DATASET EXCERPTS:
———
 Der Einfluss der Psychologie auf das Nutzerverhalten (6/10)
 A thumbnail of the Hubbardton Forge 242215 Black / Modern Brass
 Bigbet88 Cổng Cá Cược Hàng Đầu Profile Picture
———
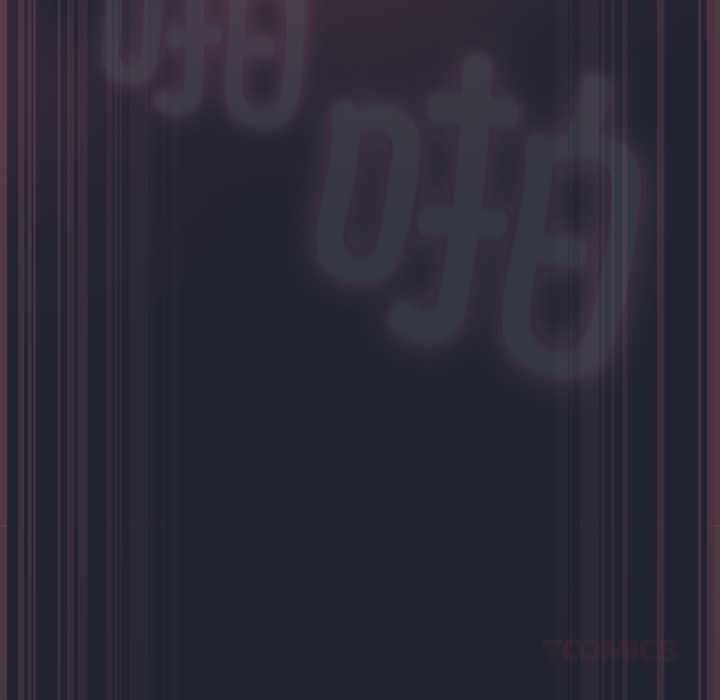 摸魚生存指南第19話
———
PROBLEM STATEMENT: Only the lines above from the one with "Der Einfluss der" up to and including the one with "Bigbet88 Cổng Cá" should be repeated, exactly as written.

RESPONSE FOR THIS EXERCISE:
 Der Einfluss der Psychologie auf das Nutzerverhalten (6/10)
 A thumbnail of the Hubbardton Forge 242215 Black / Modern Brass
 Bigbet88 Cổng Cá Cược Hàng Đầu Profile Picture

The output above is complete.